Weekend concerts at Bates College feature classical, computer-generated music
New music by a Bates faculty member and an afternoon of music for violin and piano highlight the performance offerings at Bates College on the second weekend of May.
William Matthews, the Alice Swanson Esty Professor of Music, offers a concert of his own compositions at 8 p.m. Friday, May 7.
Another Matthews composition appears on a program offered by violinist Mary Jo Carlsen, of the Colby College faculty, and pianist Frank Glazer, Bates artist in residence, at 3 p.m. Sunday, May 9. The pair will also perform music by Mozart and Brahms.

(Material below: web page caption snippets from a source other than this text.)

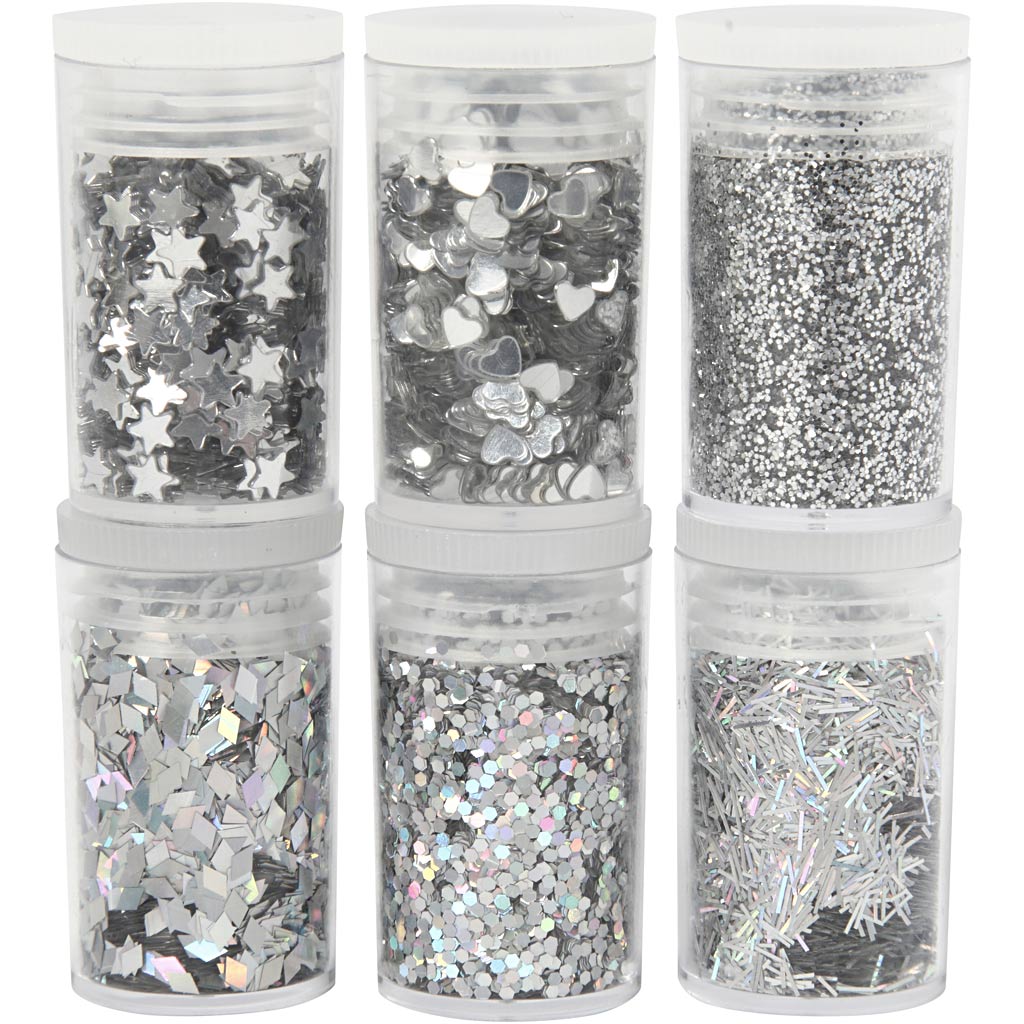 Creativ company bio sparkles paillettes, argent, 6x7 ml 1 boîte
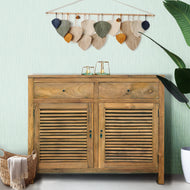 Recycled Teak Wood Louvre Cabinet with 2 Doors & 2 Drawers - La Place USA Furniture Outlet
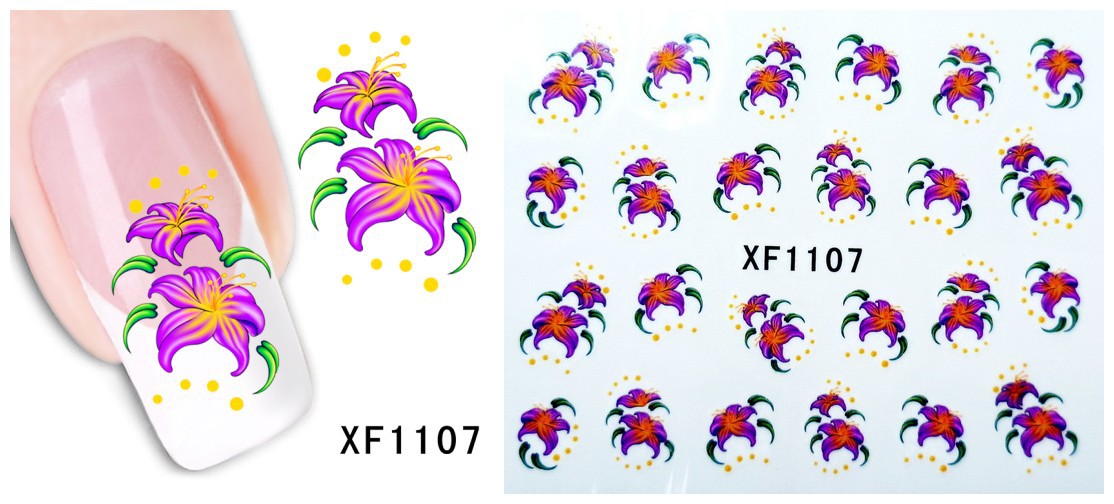XF1103-1108 Flower Water Nail Sticker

Both concerts are open to the public at no charge and take place in Olin Arts Center Concert Hall, 75 Russell St. For more information, please call 207-786-6135.
Titled “Voicescapes,” Matthews’ program consists of music composed with computer and created from vocal texts and the sounds of nature. The four compositions are “Island” (1989), adapting sounds collected on Islesboro, Maine; “The 89 Camels of Hadji Ali” (2003), from a musical-theater work about the 19th-century U.S. Army Camel Corps in Arizona; “Von Amy mit Liebe” (2004), a song based on a text by Richard Wagner; and “Rilke Remix Redux, mit Ralf” (2002-2004) settings of Rainer Maria Rilke’s “Sonnets of Orpheus,” read by Portland soprano Christina Astrachan and others.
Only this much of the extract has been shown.